There's nothing like a first-hand rumour. "A friend told me" - let's have a few more that are CR2 - a friend told me that Canon is developing more lenses, printers and cameras. Very impressive rumour reporting.


----------



## scott (Aug 3, 2010)

*Re: 1Ds Mark IV & More [CR1]*

I guess now I will have to wait another month to decide which new body to buy. Let's hope cutting edge means a sensor that won't overheat after 30 min of constant use.


----------



## ronderick (Aug 3, 2010)

*Re: 1Ds Mark IV & More [CR1]*

Well, it's not a matter of whether Canon is going to release the next 1Ds installment, but more of a question about WHEN. 

As for "revolutionary", I would say make it the first Canon camera to cross the 3,000+ megapixal line...



... and we can all cry if Canon announces a new mount at Photokina.


----------



## J-Man (Aug 3, 2010)

*Re: 1Ds Mark IV & More [CR1]*

Wild thought, optical and in body IS working together.
That would be revolutionary.

New sensor tech? Sure, 
Control focus while in video mode with the zoom buttons? That too.


----------



## Jason (Aug 3, 2010)

*Re: 1Ds Mark IV & More [CR1]*

The Alexa actually offers full uncompressed RAW recording.

http://www.abelcine.com/articles/index.php?option=com_content&view=article&id=511:arri-alexa-post-workflow-options-quality-a-ease&catid=25&Itemid=46


----------



## jlevie01 (Aug 3, 2010)

*Re: 1Ds Mark IV & More [CR1]*



Jason said:


> The Alexa actually offers full uncompressed RAW recording.



Hmmm, interesting. Gotta be careful with this kind of lingo, though. Even with "uncompressed" raw or HD output there would seem to be a codec in place.

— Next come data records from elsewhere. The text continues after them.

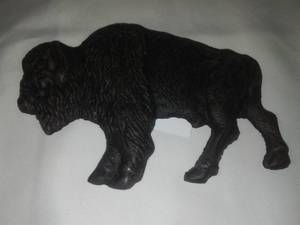 lot 60 image: NDSU BISON Cast Wall Decor- NEW.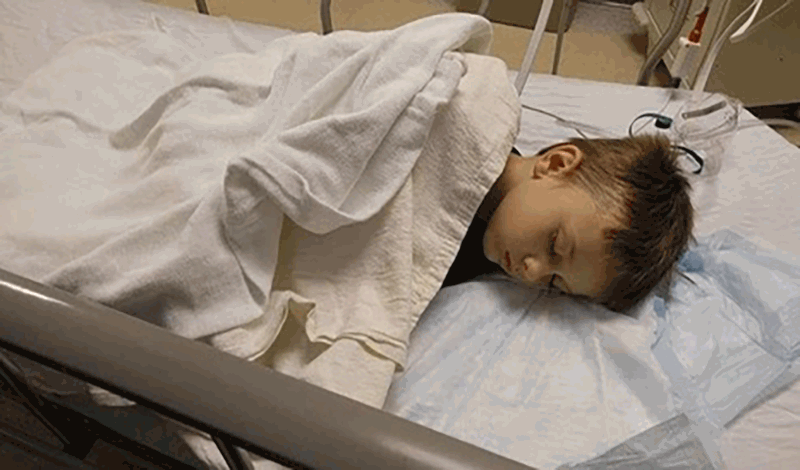 محمدادریس(2)پنج&zwnj;ساله به دلیل تنگی نفس بستری شده است.
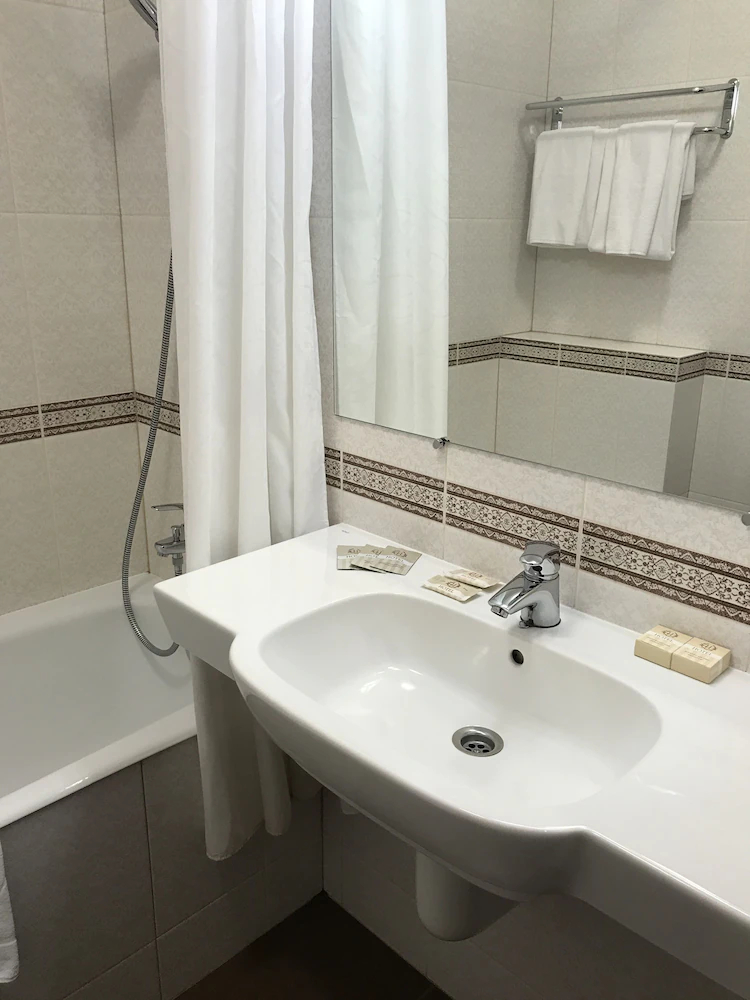 Sapphire Hotel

I have a feeling there is some sort of "loss-less" compression going on in the same vein as with RED. 

Maybe I'm just behind the times.


----------



## joeltan111 (Aug 3, 2010)

*Re: 1Ds Mark IV & More [CR1]*

Hmm... how about an EVIL or a super small entry-level as a 1000d replacement? 

I think a 1000d replacement IS in the works. the price has fallen like hell in the last 6 months, stock is being cleared. 
Between now and december, i would expect the following: 
1000d replacement- 2000d? 
50d replacement- 60d
1ds mk4.

Sounds about right?


----------